On the slopes of Ayasuluk Hill above the town of Selcuk (the modern descendant of nearby Ephesus) stand the remains of what was once one of the greatest churches in Christendom, the 6th century Basilica of St John, built over the tomb of the Apostle John, one of the four Evangelists, who died in Ephesus in the 1st century AD.
In the 2nd century a chapel was built over his grave, but this in turn was replaced by the enormous basilica in the 6th crentury on the orders of the Byzantine Emperor Justinian, as a more fitting burial place and shrine for the Saint.
Many of the building's materials were plundered from abandoned classical structures nearby, particularly the magnificent Temple of Artemis, one of the Seven Ancient Wonders of the World, which stood at the base of the hill.
The church was abandoned after the Ottoman conquest of the territory and itself largely plundered to build the nearby fortress and mosque of Isa Bey (one of the oldest and most important Islamic structures in the area).
The site has been excavated and restored in the 20th century with some columns re-erected to give an impession of the former grandeur of the lost basilica.

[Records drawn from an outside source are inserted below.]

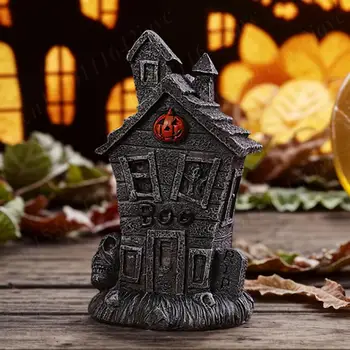 Halloween Spooky Miniature Statue Figurine Resin Mini Skull Ghost Decor Micro Skull Ghost Landscape for Haunted House Decoration 2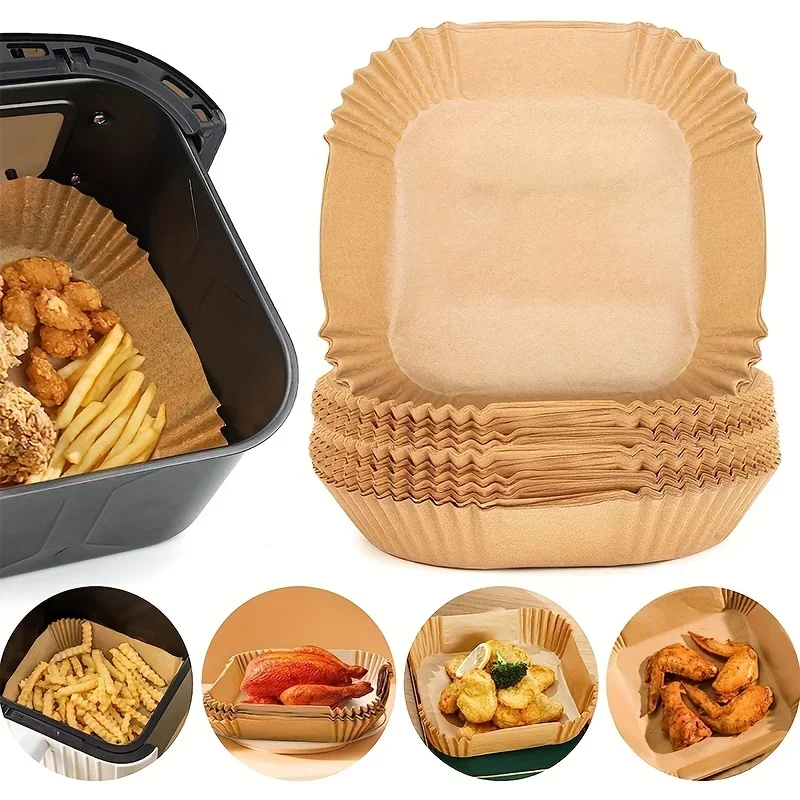 

Air Fryer Disposable Square Paper Liner Non-Stick Oil-proof Parchment Mat Cooking Microwave Oven Baking BBQ Roasting Accessories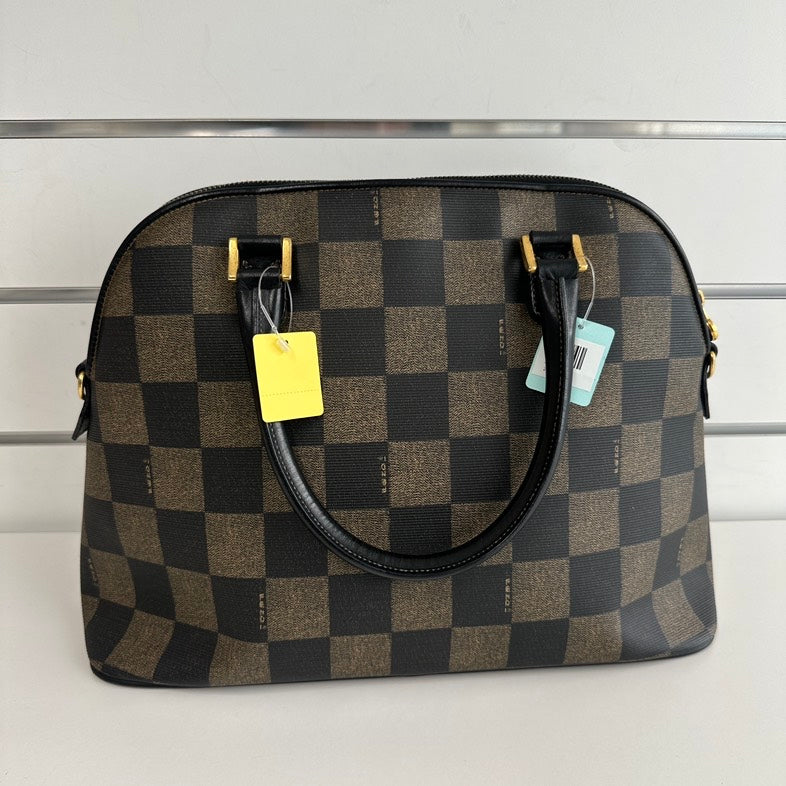 Fendi Alma 4193 Checkered Brown Satchel Bag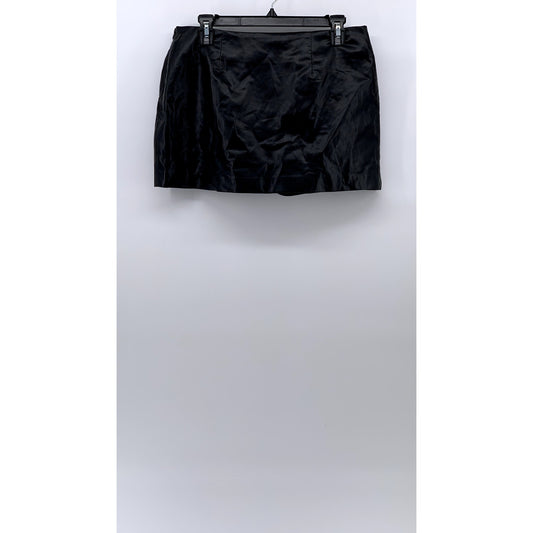 ZARA Women's Black Faux-Leather A-Line Grunge Mini Skirt SZ M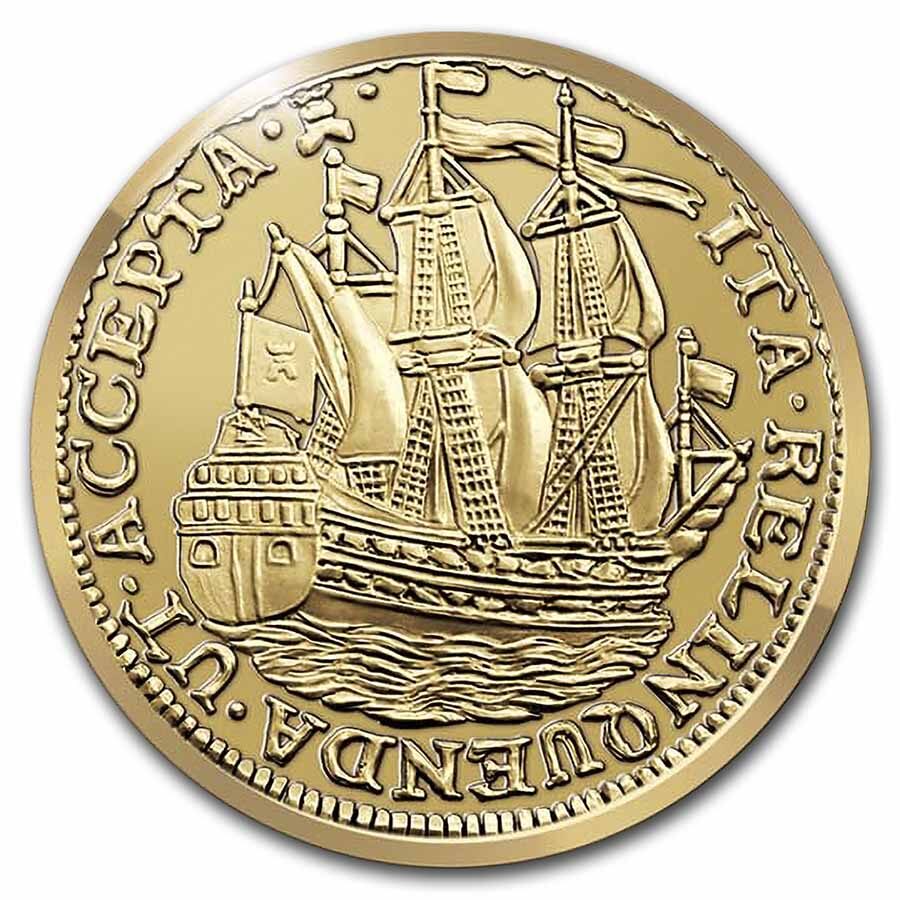 2022 Netherlands Gold Piedfort PF Ship Shilling (w/Ceramic Case)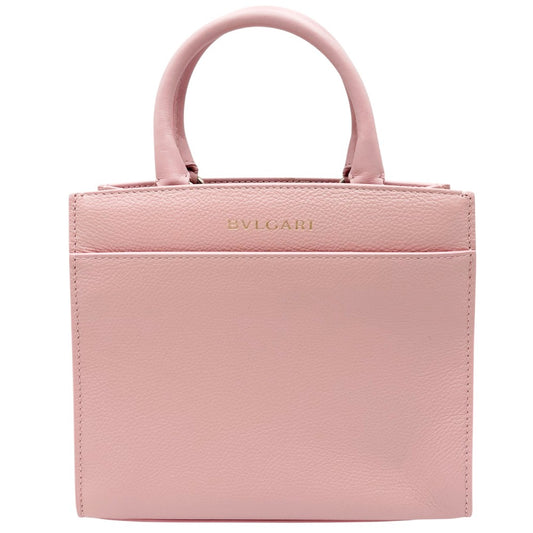 【開店SALE】 BVLGARI ブルガリ 2WAY ロゴトート ハンドバッグ ショルダーバッグ トートバッグ 鞄 かばん レザー ピンク ゴールド金具 レディース【中古品】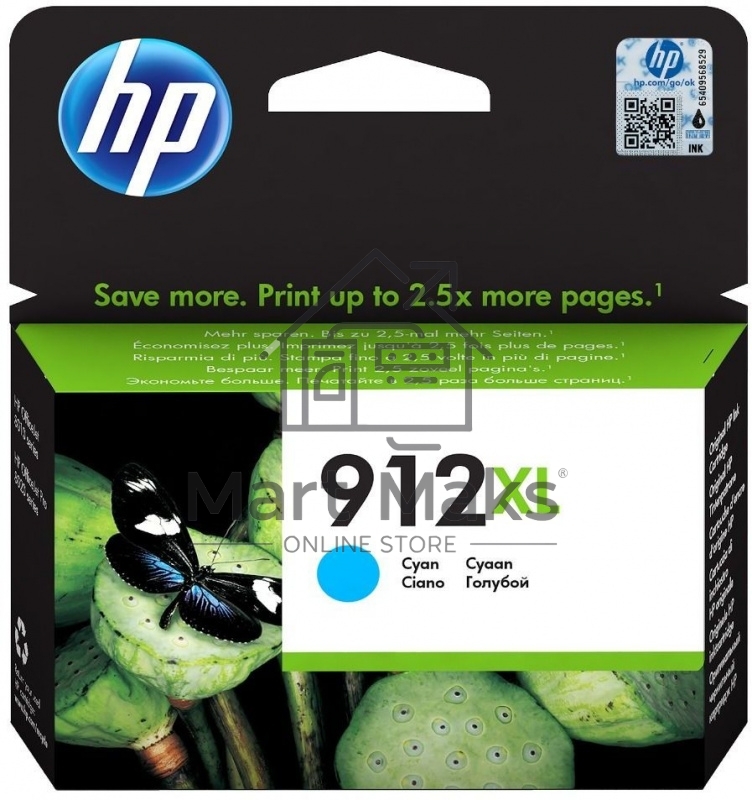 Картридж струйный HP 912 3YL81AE голубой (825стр.) для HP OfficeJet 801x/802x Картридж струйный HP 912 3YL81AE голубой (825стр.) для HP OfficeJet 801x/802x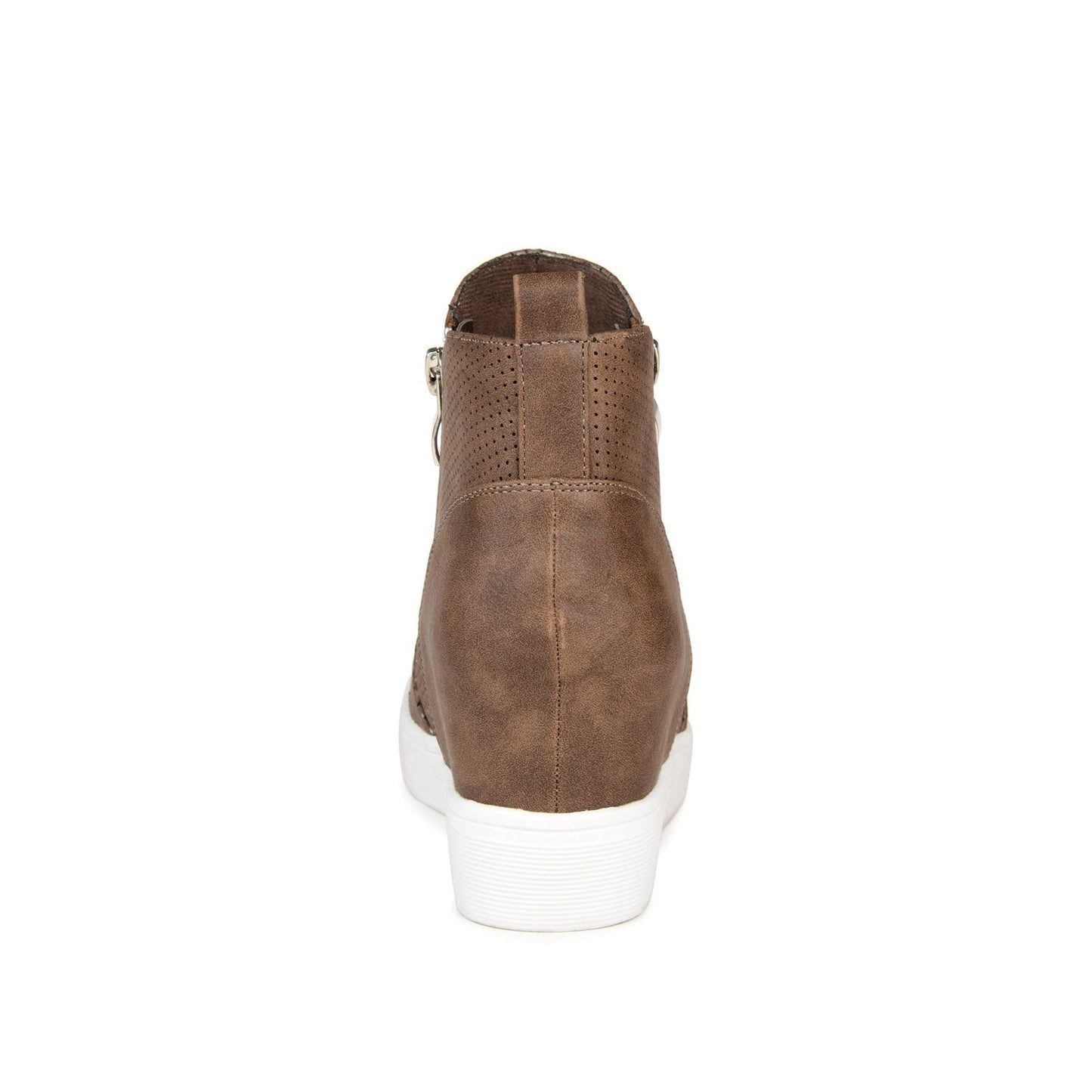Journee PENNELOPE WEDGE SNEAKERS IN VEGAN LEATHER - Brown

St John's grave is still marked by the four columns that originally surrounded it.
The Basilica of St. John was a great church in Ephesus constructed by Emperor Justinian in the 6th century. It stands over the believed burial site of St. John, who is identified as the apostle, evangelist (author of the Fourth Gospel) and prophet (author of Revelation).
The remnants of this large basilica built by the Emperor Justinian in the 6th century are not as well preserved as the ancient city of Ephesus, but are a worthwhile visit, nonetheless.